October 29th, 2014 to January 18th, 2015, at MAB-FAAP.

Production: Mega Cultural
Curator: Nadia Blumenfeld
Co-curator: Danniel Rangel

OLHAR SURREAL (SURREAL LOOK)

One of the greatest fashion photographers of the 20th century, ERWIN BLUMENFELD wins an exhibition this month in São Paulo.

The curator Danniel Rangel talks about the behind the scenes of this endeavor.

In 2012, when I saw the cover of Madonna’s MDNA album, clicked by the duo Mert & Marcus, I thought: I know this image from somewhere. Minutes later, I had a realization. The photograph, which shows material girl through corrugated glass, was a beautiful tribute to The Picasso Girl (1947), one of the most emblematic clicks by Erwin Blumenfeld (1897-1969), in which the photographer plays with transparencies and colored stripes, two of his trademarks. I’ve been in love with the German’s work since I was a teenager, but it wasn’t until then that I decided on my next project: setting up the exhibition Blumenfeld Studio: New York, 1941–1960, which will open later this month at FAAP, co-curated by Nadia Blumenfeld, the photographer’s granddaughter.

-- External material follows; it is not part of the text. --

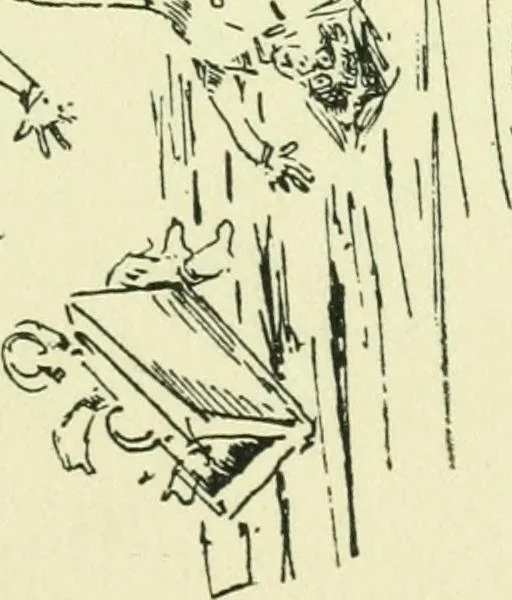 An illustration from The log or diary of our automobile voyage through Maine and the White Mountains, 1910, leaf 76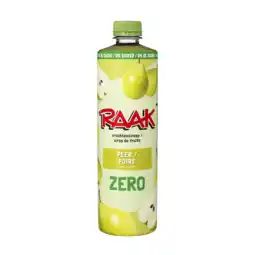 Albert Heijn Raak Vruchtensiroop peren zero sugar aanbieding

Shortly after Madonna’s album debut, another happy coincidence put the German once again in my path: strolling along Rue des Beaux Arts with photographer Willy Rizzo, I came across an exhibition of Blumenfeld’s Dada collages that refer to the iconic works of Max Ernst, Duchamp and Francis Picabia. “When I went to New York in the 1940s, I was dazzled by Blumenfeld’s images. It was because of him that I decided to become a fashion photographer”, confided Rizzo, who died in 2013.

I already knew some of the famous covers that the German had made for Vogue in the 40s and 50s – such as the one of the top model Jean Patchett, with her nose erased, an interference made long before computers that were capable of such a ruse were invented. Adding to Rizzo’s testimony, Nadia and I decided that the clipping of the show would be from the phase in which Blumenfeld dedicated himself to fashion.

The starting point is the beginning of the 40s, when he left Paris because of World War II, having as one of his last records of the city the beautiful image of top model Lisa Penn, on top of the Eiffel Tower, shot for French Vogue. Blumenfeld settled in New York, where he began producing iconic studio images with the blessing of none other than Cecil Beaton.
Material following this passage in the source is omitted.